= Work item =
Repeat exactly the lines of the material below that run from the "The sun sets over a Caribbean harbor." line to the "1944 San Francisco" line, including both, and do not carry over any pictures.

= Working data =
****************************************

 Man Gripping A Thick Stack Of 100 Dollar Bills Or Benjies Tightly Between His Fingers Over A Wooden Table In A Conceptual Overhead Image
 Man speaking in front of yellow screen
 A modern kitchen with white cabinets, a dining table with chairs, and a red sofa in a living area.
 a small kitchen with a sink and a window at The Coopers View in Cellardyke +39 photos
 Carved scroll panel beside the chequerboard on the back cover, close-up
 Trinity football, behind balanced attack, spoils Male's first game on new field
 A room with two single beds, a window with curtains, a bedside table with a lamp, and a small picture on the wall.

****************************************

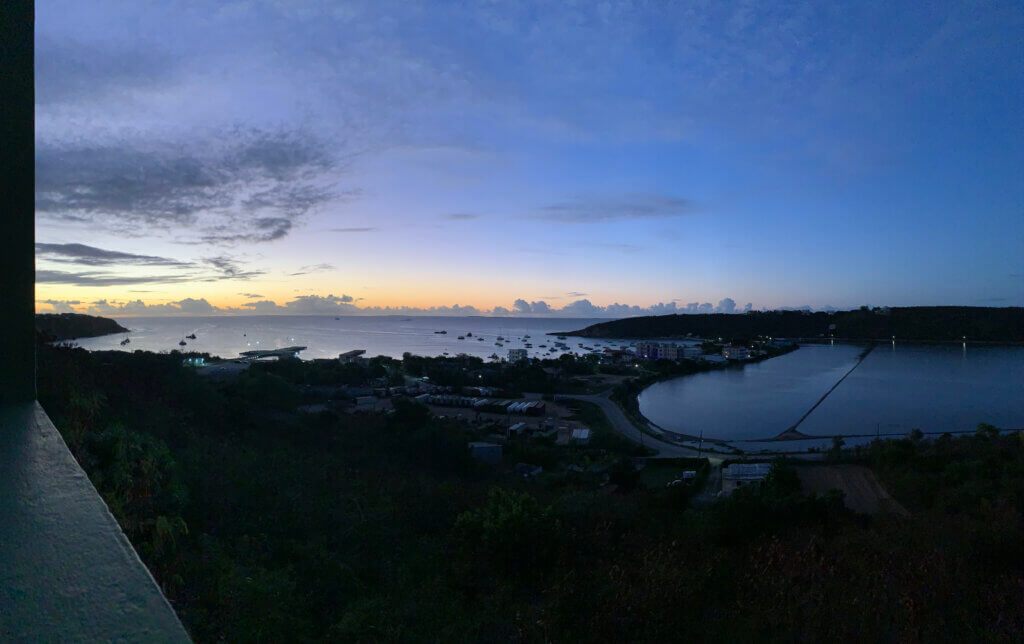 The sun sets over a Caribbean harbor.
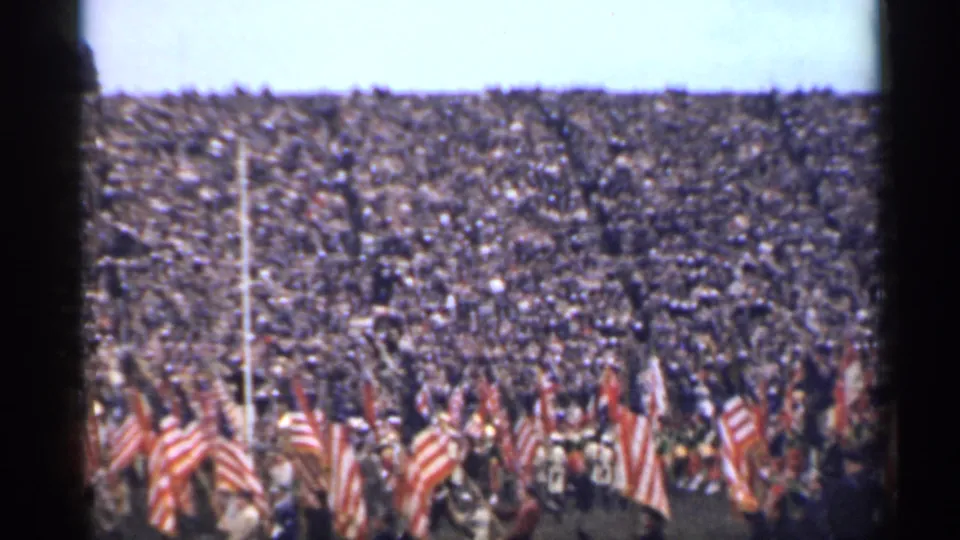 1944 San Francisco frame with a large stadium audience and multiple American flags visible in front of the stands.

****************************************

= Finished exercise =
 The sun sets over a Caribbean harbor.
 1944 San Francisco frame with a large stadium audience and multiple American flags visible in front of the stands.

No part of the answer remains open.